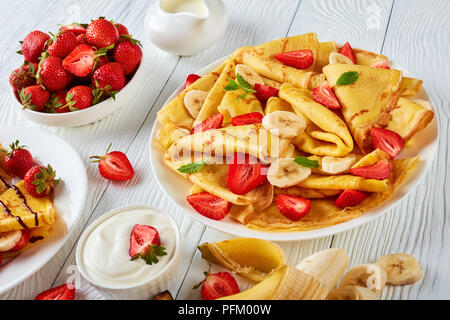 Crêpes minces ou des crêpes sur une plaque avec des fraises, des tranches de banane et de feuilles de menthe, la crème et le bol avec des fraises fraîches à l'arrière-plan, ho Banque D'Images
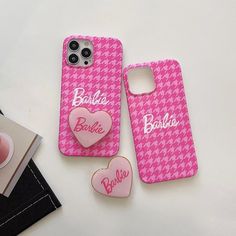 two cell phones sitting next to each other on top of a white table with pink hearts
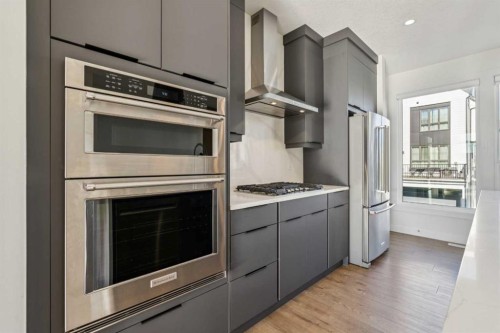 228 Sovereign Common Sw, Calgary, AB - Indoor Photo Showing Kitchen With Stainless Steel Kitchen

→ WORK REQUIRED:
All pictures should be dropped; the lines from the one containing "two cell phones" through the last line of the material are to be set down exactly.

→ ANSWER FOR THE TASK:
 two cell phones sitting next to each other on top of a white table with pink hearts
 228 Sovereign Common Sw, Calgary, AB - Indoor Photo Showing Kitchen With Stainless Steel Kitchen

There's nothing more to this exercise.